5. O conceito legal do Dano Ambiental

O cerne do problema nos parece estar situado na questão do entendimento correto do conceito do dano ambiental no sentido do art. 14, § 1º, da lei 6.938/81. A referência ao conceito do dano ambiental volta à tona na lei processual sobre a Ação Civil Pública (n.º 7.347/85, art. 1°); é pacífico na doutrina que a questão o que seja um dano ao meio ambiente é respondida pela legislação material referente à proteção ambiental.

Viana Bandeira destaca com efeito que, na indagação sobre o conteúdo do conceito "dano ambiental", teríamos de considerar que o mesmo, por um lado, apresenta-se como um fenômeno físico-material, por outro lado pode integrar um fato jurídico qualificado por uma norma e sua inobservância e que somente pode cogitar-se um dano se a conduta for considerada injurídica no respectivo ordenamento legal; assim a injuridicidade decorre da violação de um interesse juridicamente protegido (Evandro F. de Viana Bandeira, O Dano Ecológico nos quadros da responsabilidade civil, in: Adilson A. Dallari/ Lúcia V. Figueiredo - Coord., Temas de Direito Urbanístico - 2, 1991, Edit. RT, p. 265, 268).

Portanto, não basta a simples opinião pessoal do aplicador do Direito (agente administrativo, promotor, juiz) que certo comportamento "faz mal ao meio ambiente"; sempre deve haver uma norma que proíbe certa atividade ou protege determinado bem ecológico. É claro, que no ato da subsunção dos fatos ao texto da norma sempre vai haver influência da atitude pessoal do intérprete. (Cf. Karl Engisch, Introdução ao Pensamento Jurídico, 6. ed., 1983, Fund. Calouste Gulbenkian, Lisboa, p. 205; Miguel Reale, Lições Preliminares de Direito, 22. ed., 1995, Edit. Saraiva, p. 285.)

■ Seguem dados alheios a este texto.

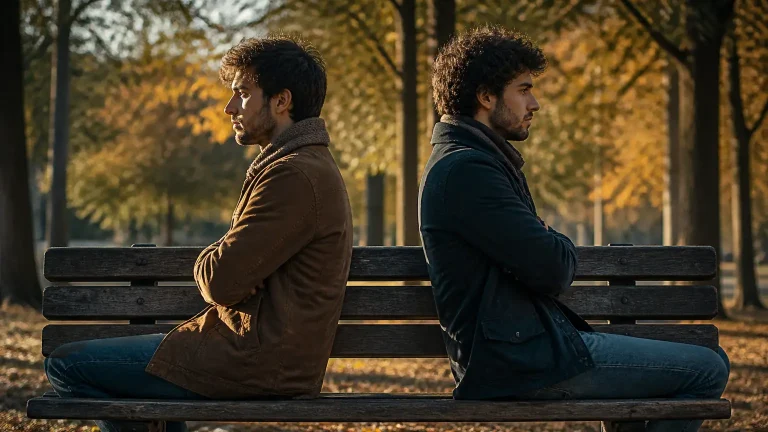 Deux freres assis sur un banc, dos a dos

No art. 3º, III, da lei n.º 6.938/81 da Política Nacional do Meio Ambiente, o conceito de poluição está sendo definido de maneira extremamente ampla, como

"degradação da qualidade ambiental resultante de atividades que direta ou indiretamente prejudiquem a saúde, a segurança e o bem-estar da população; criem condições adversas às atividades sociais e econômicas; afetem desfavoravelmente a biota; afetem as condições estéticas ou sanitárias do meio ambiente; lancem matérias ou energia em desacordo com os padrões ambientais estabelecidos."

Podemos afirmar que, onde existir poluição no sentido do art. 3º, III, da Lei 6.938/81, muitas vezes vai haver também um dano ambiental de acordo com o art. 1º, inciso I, da Lei 7.347/85, visto que a definição do conceito de dano da lei processual se rege pelas normas do direito ambiental material.

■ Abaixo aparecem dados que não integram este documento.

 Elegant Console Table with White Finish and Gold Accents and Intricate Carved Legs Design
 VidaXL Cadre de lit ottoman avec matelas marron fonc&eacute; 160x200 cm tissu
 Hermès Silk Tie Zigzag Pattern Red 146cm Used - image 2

Portanto, nem toda alteração negativa do meio ambiente pode ser qualificada como poluição ou dano. Na verdade, o conceito e o conteúdo do dano ambiental na legislação ficaram relativamente indefinidos. (Cf. Jair Lima Gevaerd Filho, Anotações sobre os conceitos de Meio Ambiente e Dano Ambiental, in Revista de Direito Agrário e Meio Ambiente, Curitiba, 1987, p. 17.) Hely Lopes Meirelles esteve com razão quando alegou que "de um modo geral as concentrações populacionais, as indústrias, o comércio, os veículos, a agricultura e a pecuária produzem alterações no meio ambiente, as quais somente devem ser contidos e controlados quando se tornam intoleráveis e prejudiciais à comunidade, caraterizando poluição reprimível. Para tanto, a necessidade da prévia fixação técnica e legal dos índices de tolerabilidade, dos padrões admissíveis de alterabilidade de cada ambiente, para cada atividade poluidora" (Proteção ambiental e Ação Civil Pública, in Revista dos Tribunais, n.º 611, 1986, p. 11).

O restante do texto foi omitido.